──────── Supplied material ────────

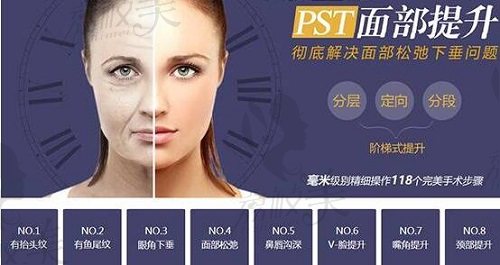 PST面部提升術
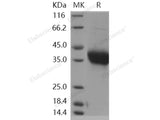 Recombinant Human ADM/Adrenomedullin Protein (Fc Tag)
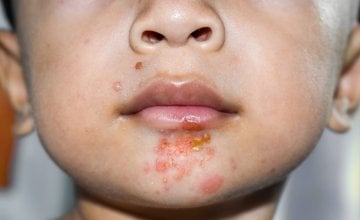 Impetigo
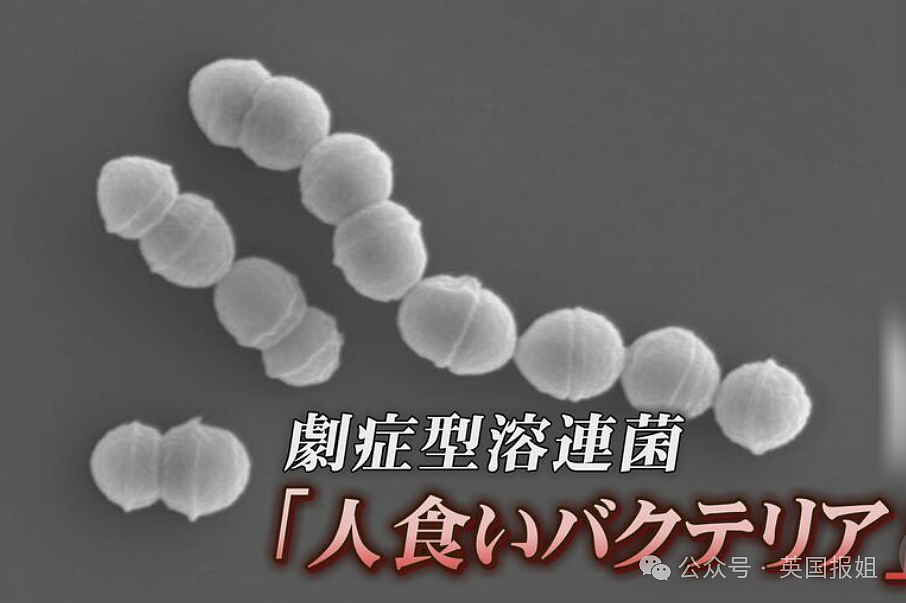 “夺命食人菌”攻占日本？致死率高达30%，半年感染人数大破记录！（组图） - 10
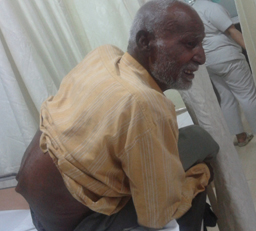 Spine Surgeon in Delhi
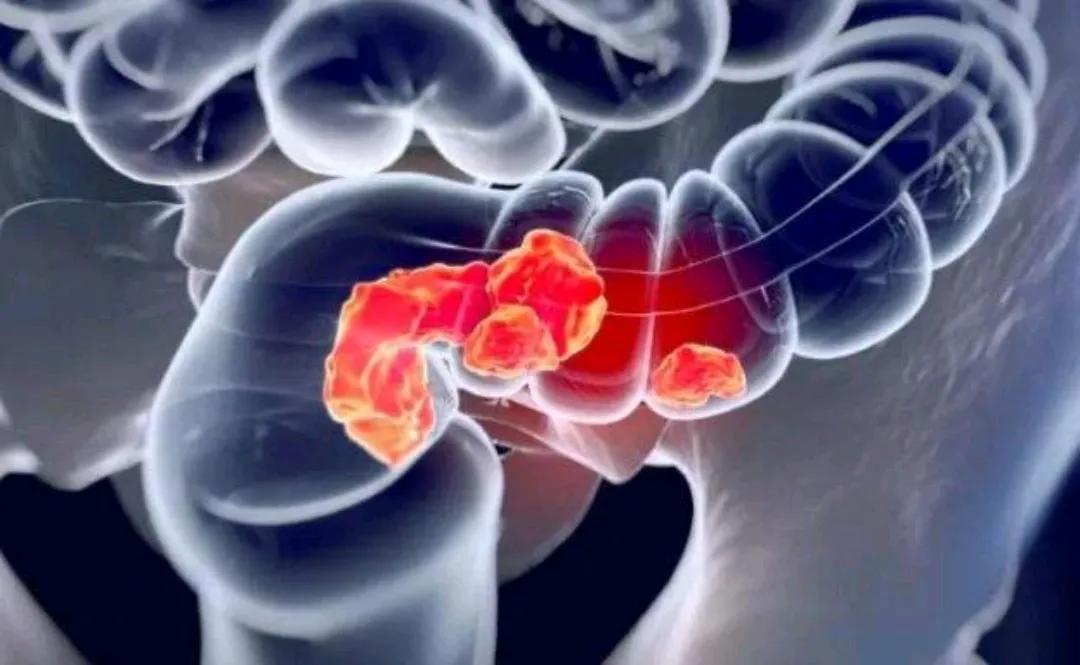 结肠息肉严重吗,结肠息肉癌变了严重吗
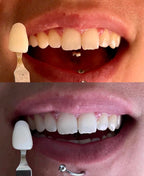 FORMATION BLANCHIMENT DENTAIRE COSMÉTIQUE 1 jour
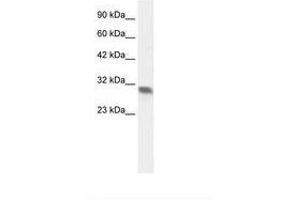 Image no. 2 for anti-Four and A Half LIM Domains 2 (FHL2) (AA 199-248) antibody (ABIN202003) (FHL2 anticorps  (AA 199-248))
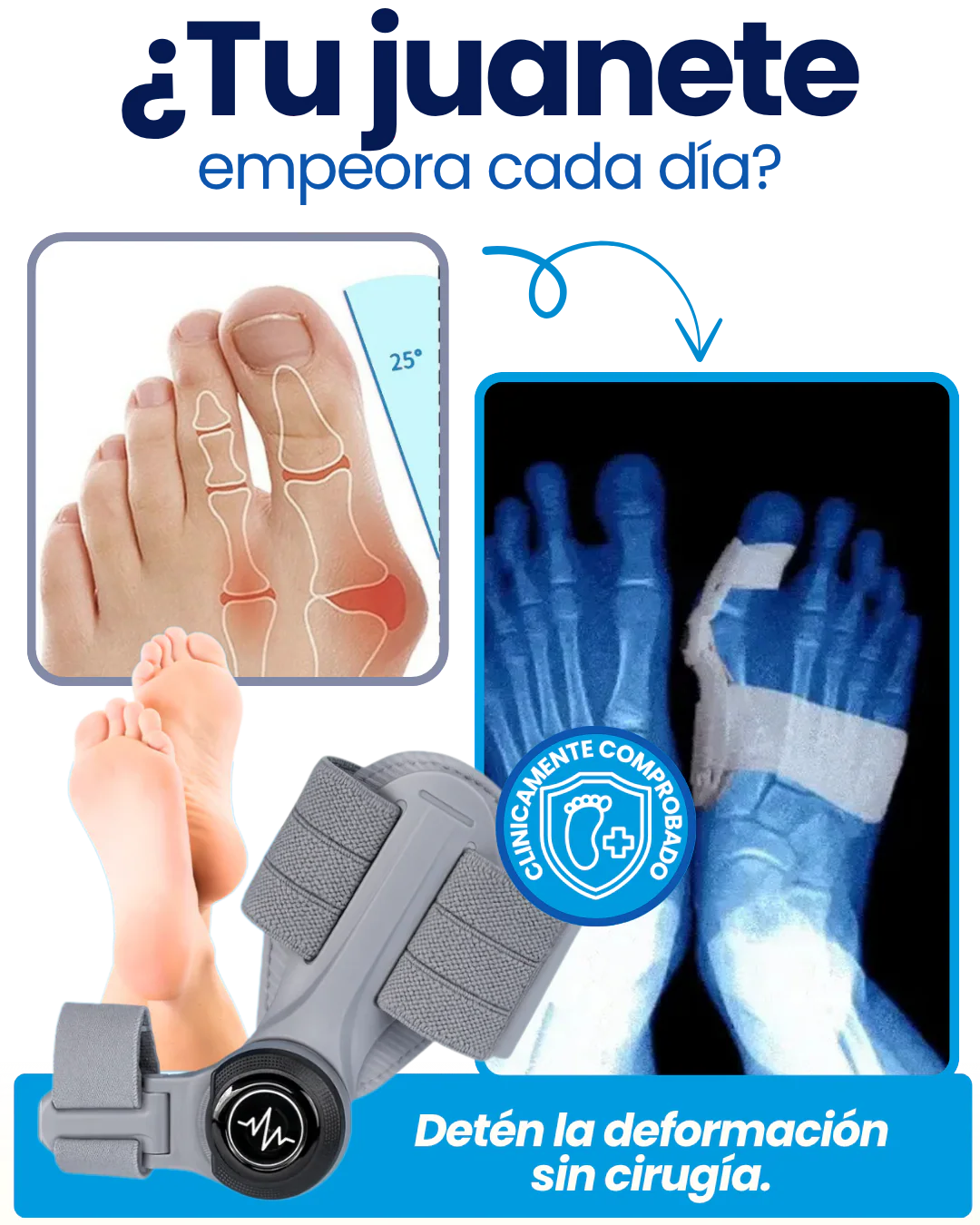Corrector De Juanetes. OFERTA 2x1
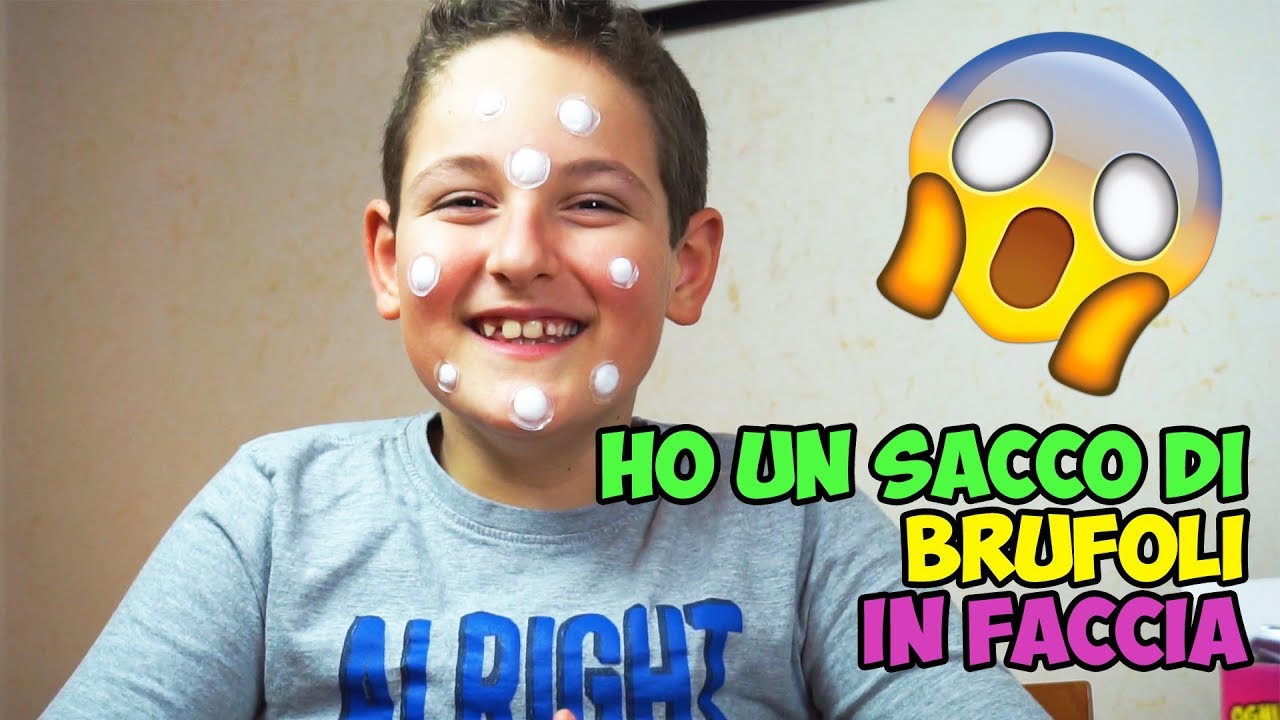 AIUTO ho un sacco di brufoli in faccia!!! I Brufolotti in EDICOLA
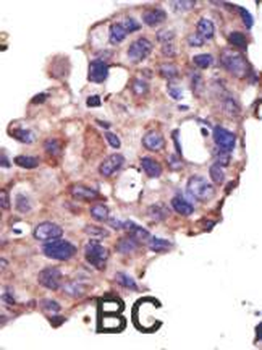 UBE2L3 Antibody (C-term)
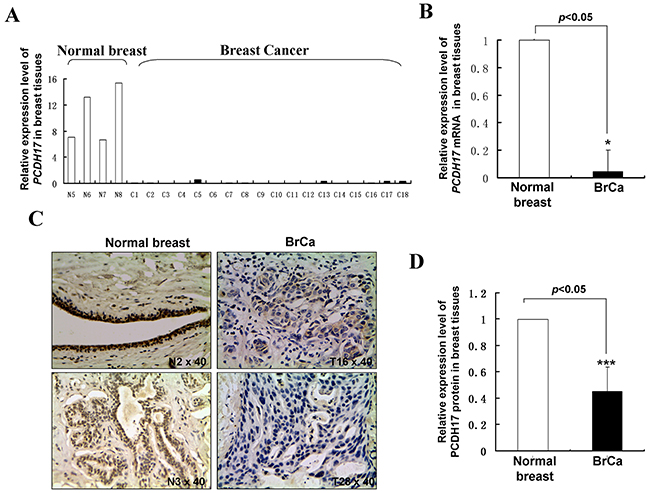 PCDH17 expression in breast tumor tissues.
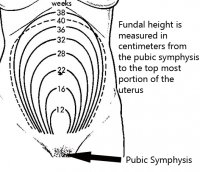 http://forum.anticonceptionale.ro/uploads/thumbs/3717_fundal_height.png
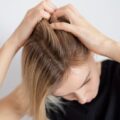 Gros plan sur une femme ayant des pellicules. Le psoriasis capillaire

────────

**Your instructions**:
Can the lines from the one with "AIUTO ho un" to the end of the records above be quoted exactly, both ends included, with every picture omitted?

**Response area**:
 AIUTO ho un sacco di brufoli in faccia!!! I Brufolotti in EDICOLA
 UBE2L3 Antibody (C-term)
 PCDH17 expression in breast tumor tissues.
 http://forum.anticonceptionale.ro/uploads/thumbs/3717_fundal_height.png
 Gros plan sur une femme ayant des pellicules. Le psoriasis capillaire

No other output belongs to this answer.